To Understand Transport Dynamics of Outer Membrane Bacterial protein Channels
- The outer membrane of Gram-negative bacteria is associated with a channel called porins, designed to facilitate the transport (uptake) of nutrients and small molecules. In biological channels, the flux is very low (typically 1-1,000 s-1), and it is challenging to detect such small quantity through a direct and straightforward approach. To characterise the uptake, a general and simple method is required to quantify such molecules. To access direct information on the flux of nutrient and small molecules, we try to exploit electrophysiology as a method.
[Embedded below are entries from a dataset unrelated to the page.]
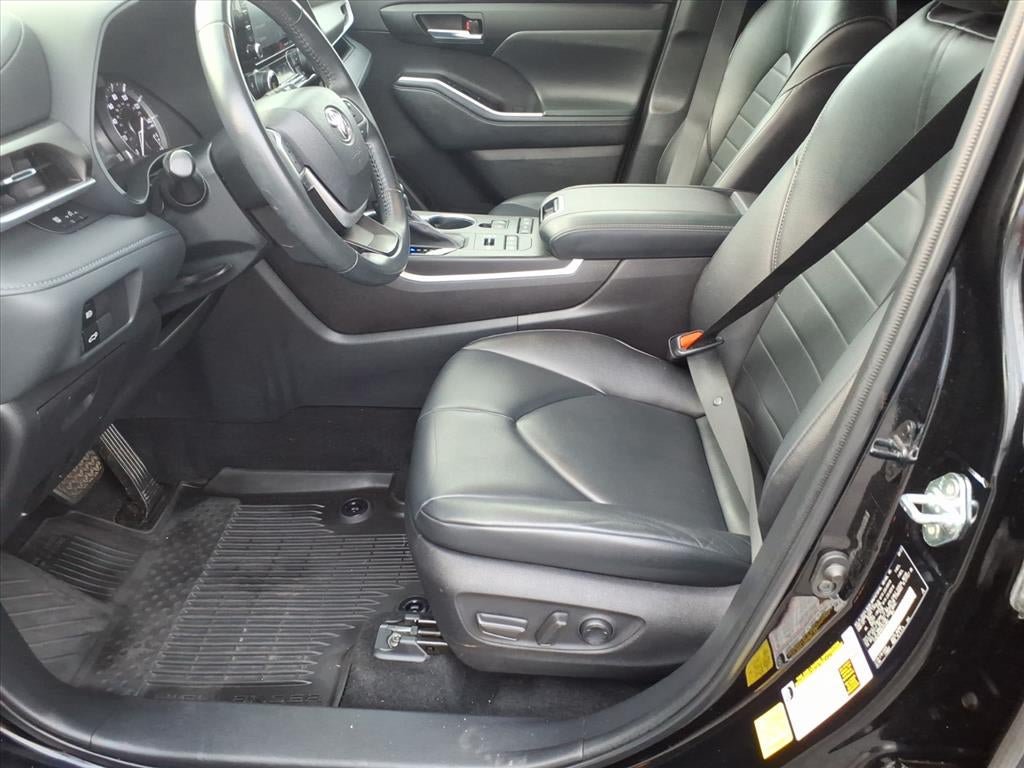 Used 2022 Toyota Highlander XLE AWD/4WD image 12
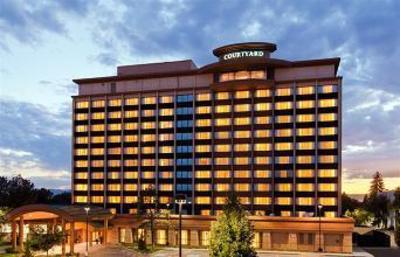 фото отеля Courtyard by Marriott Denver Cherry Creek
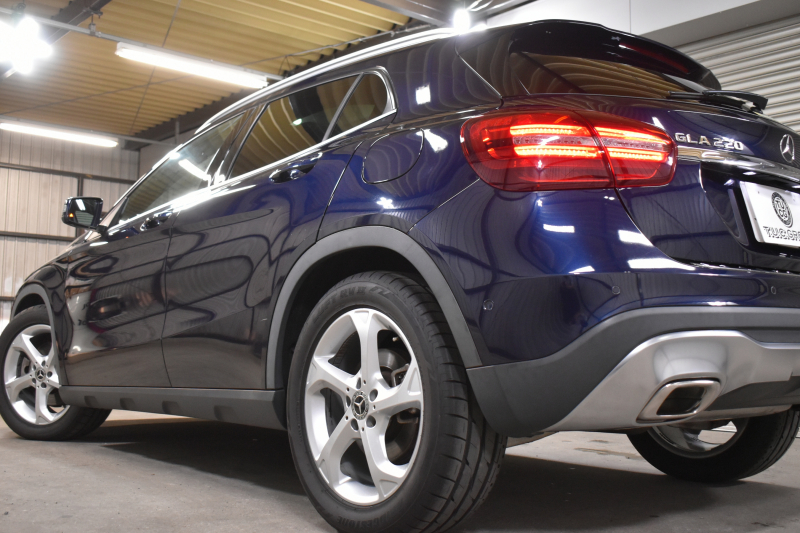 メルセデスベンツ GLA GLA220 4ﾏﾁｯｸ ﾌﾟﾚﾐｱﾑP  ﾚｰﾀﾞｰｾｰﾌﾃｨP   4WD ﾊﾟﾉﾗﾏｻﾝﾙｰﾌ ﾊｰﾏﾝｶｰﾄﾞﾝｻｳﾝﾄﾞ ﾏﾙﾁｶﾗｰｱﾝﾋﾞｴﾝﾄ 革 ﾅﾋﾞTV ﾃﾞｨｽﾄﾛ ﾌﾞﾗｲﾝﾄﾞS ﾚｰﾝｷｰﾌﾟ ﾌｯﾄｹﾞｰﾄ ﾊﾞｯｸｶﾒﾗ ｷｰﾚｽｺﾞｰ 2年保証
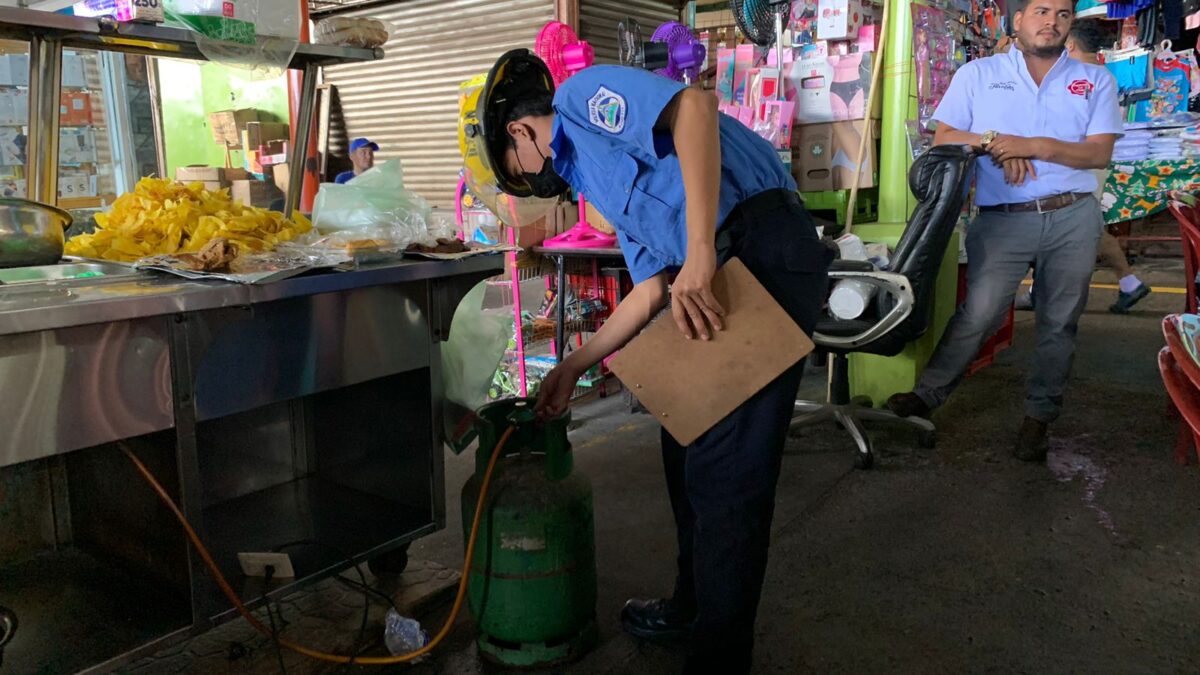Bomberos Unidos inspeccionan tramos en los mercados de Managua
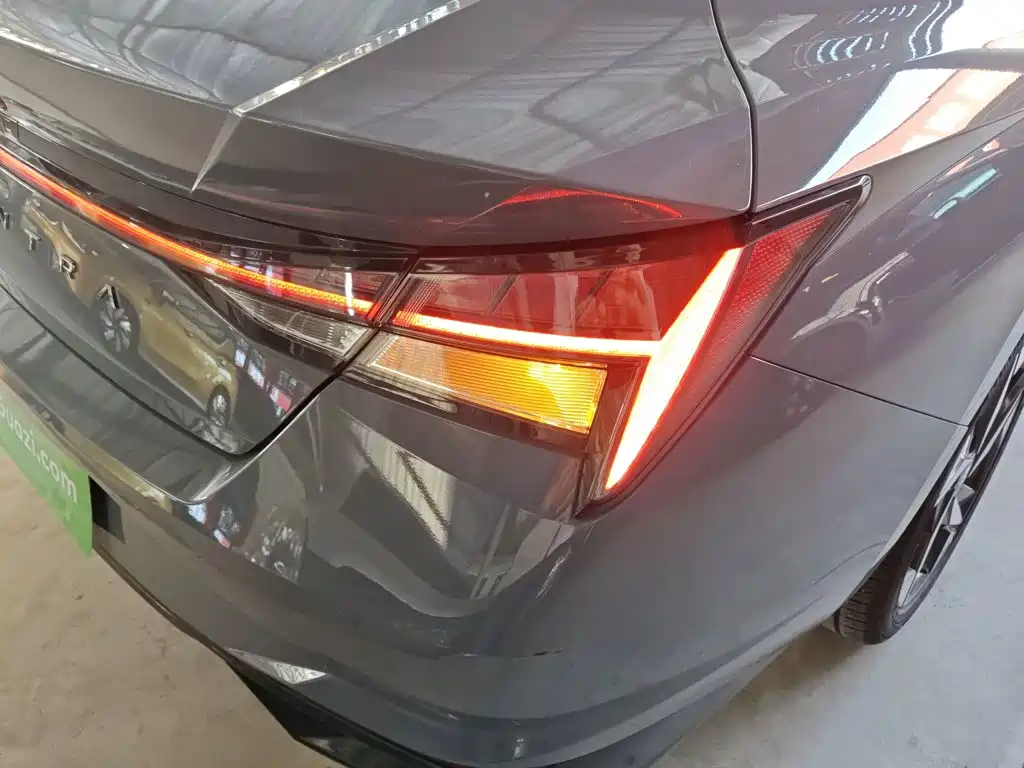 Hyundai Elantra — фото 8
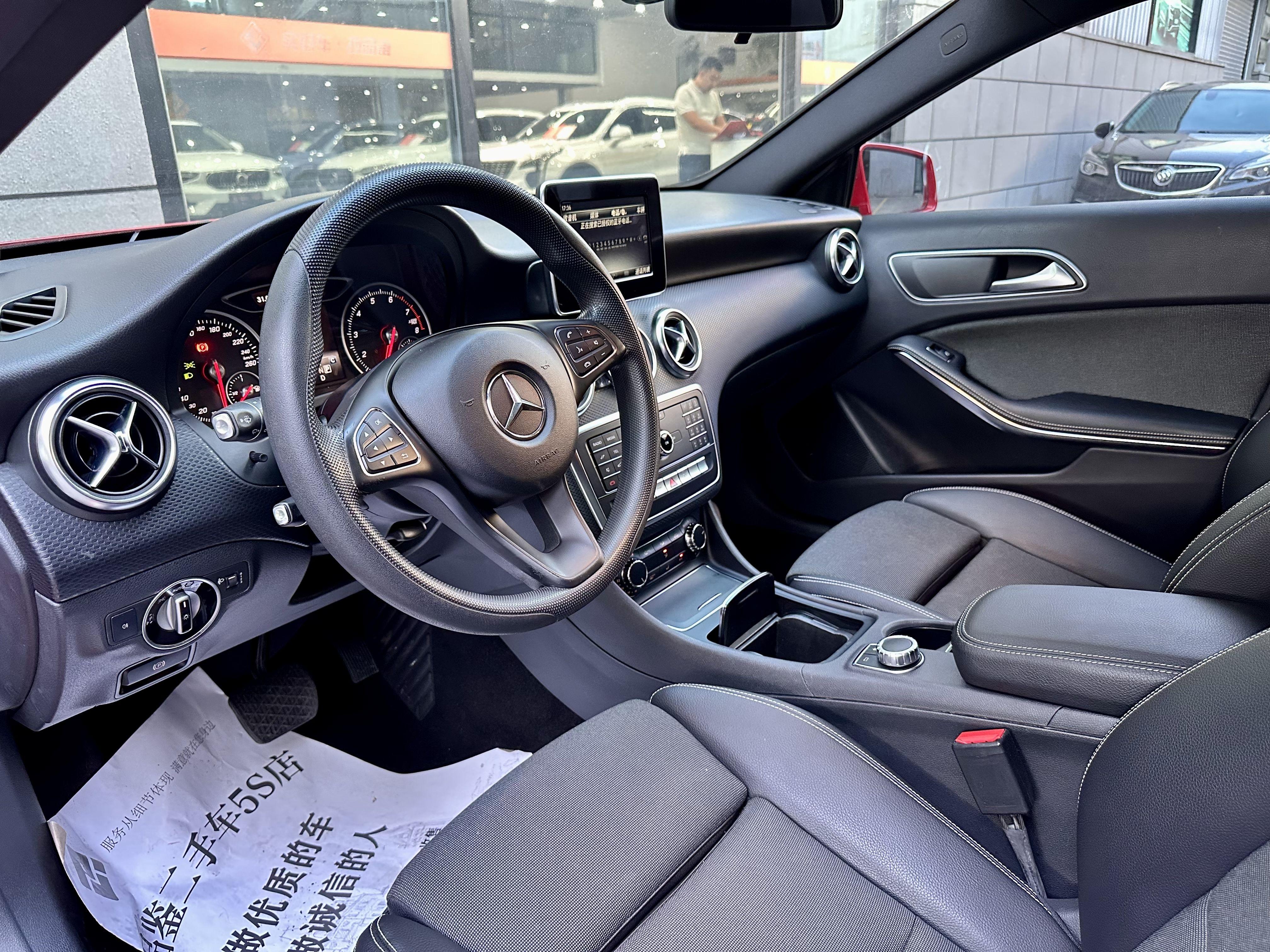 Mercedes-Benz A-Класс 2016 thumb 12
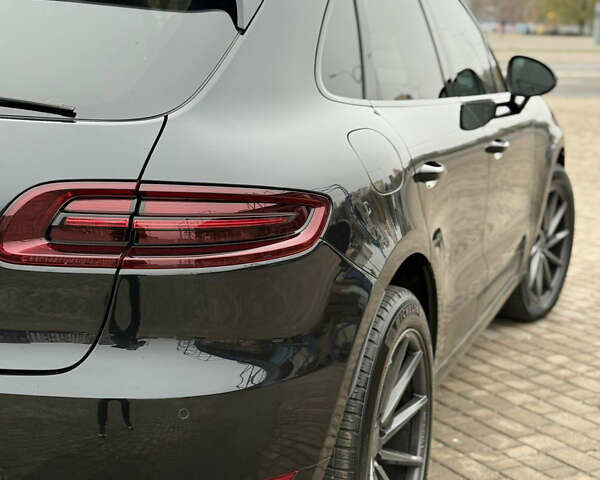 Черный Порше Масан, объемом двигателя 3 л и пробегом 118 тыс. км за 29900 $, фото 11 на Automoto.ua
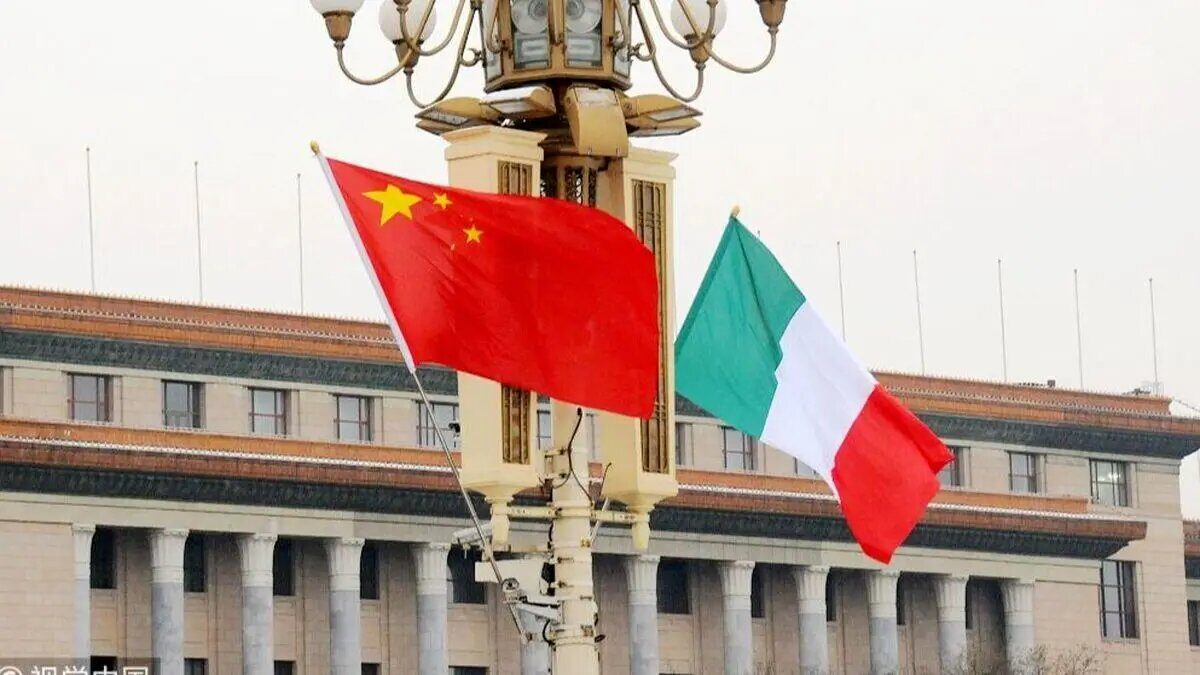 پکن: چین آماده همکاری راهبردی با ایتالیا است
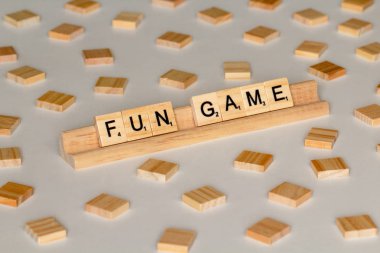 Scrabble Kelime Oyunu ahşap fayans yazım 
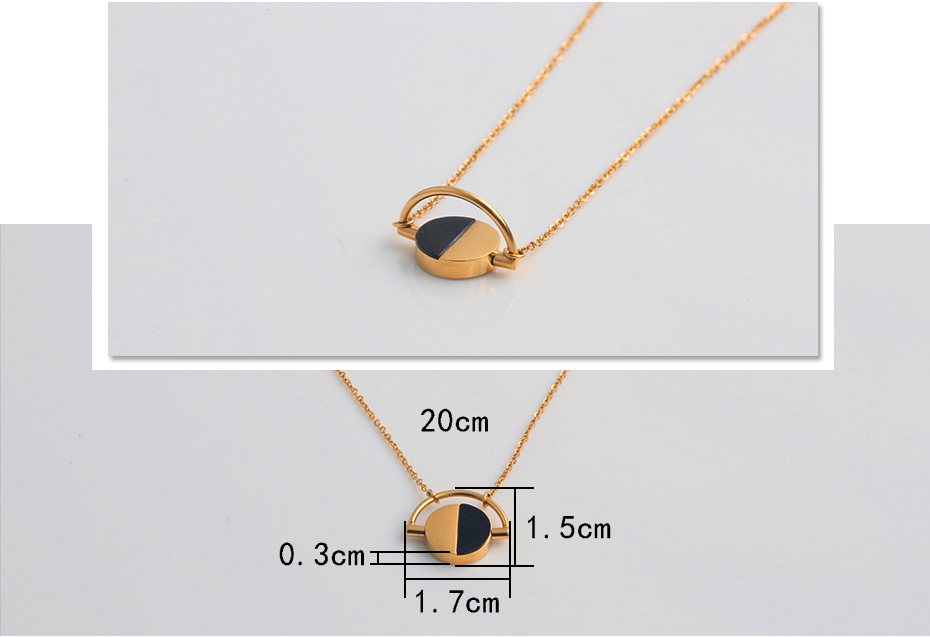Rotating hollow round necklace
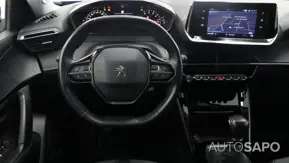 Peugeot 2008 1.2 PureTech Allure de 2022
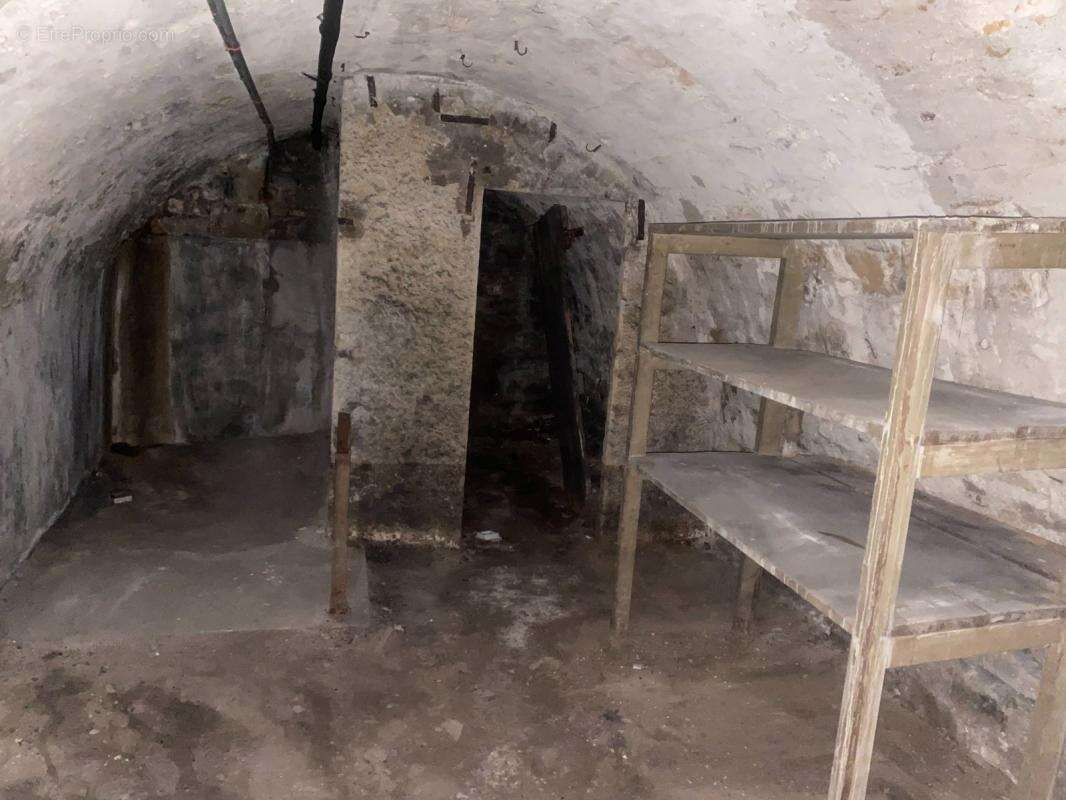Cave - Lyon - Presqu'Île - photo 2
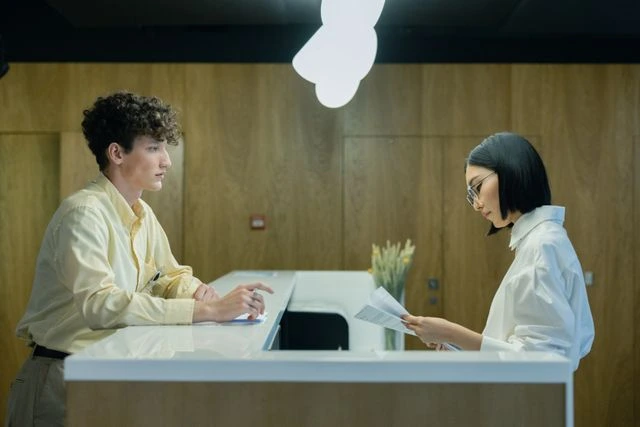 la réception 'un hôtel avec 2 personnes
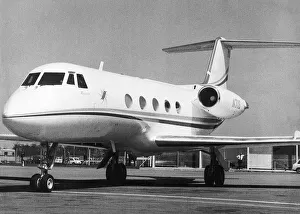 Frank Sinatra Actor and Singer arriving at Gatwick Airport in his personal Gulfstream jet Frank Sinatra Actor and Singer arriving at Gatwick Airport in his personal Gulfstream jet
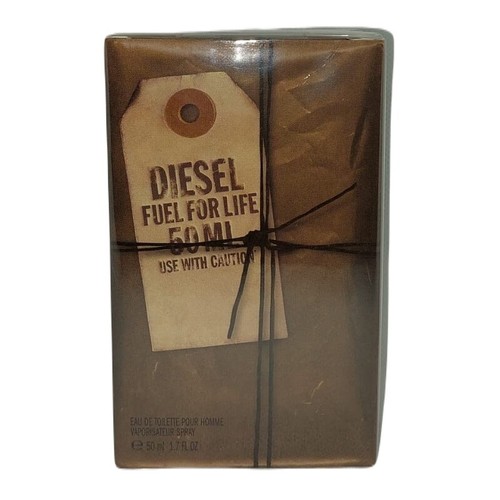 Diesel fuel for life - diesel, eau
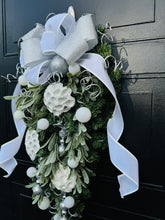 Load image into Gallery viewer, Lotus Pod Swag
In this thesis, we use electrophysiology (single molecule electrical detection) as a tool to understand the transport and flux through outer membrane channels. Before approaching the problem of flux quantification, one needs to address a few open questions like: What is the difference between a real translocation and binding? Can we detect small molecules (size < 300 Da)? How can we improvise the detection process? etc. . In electrophysiology, we often observe fluctuation in time series of ion current signal in the presence of a molecule of interest, and thus specific conclusion on the transport properties (event rate and residence time) can be drawn, but it is often difficult to conclude on the real translocations. Next, we probe the forces involved in the translocation of such molecules. Based on the channel preference (selectivity) under the application of biased transmembrane potential, it induces a transverse fluid flow (Electroosmotic flow (EOF)) inside a channel, which drives these molecules through them by either enhancing the effect on the detection (translocation) or by hindering their pathway. Overall, the research carried out in this thesis contributes to the understanding of the electrophysiology-based study of flux quantification and the dynamics of molecular through Outer membrane channel of Gram-negative bacteria in the artificial membrane and native membrane system.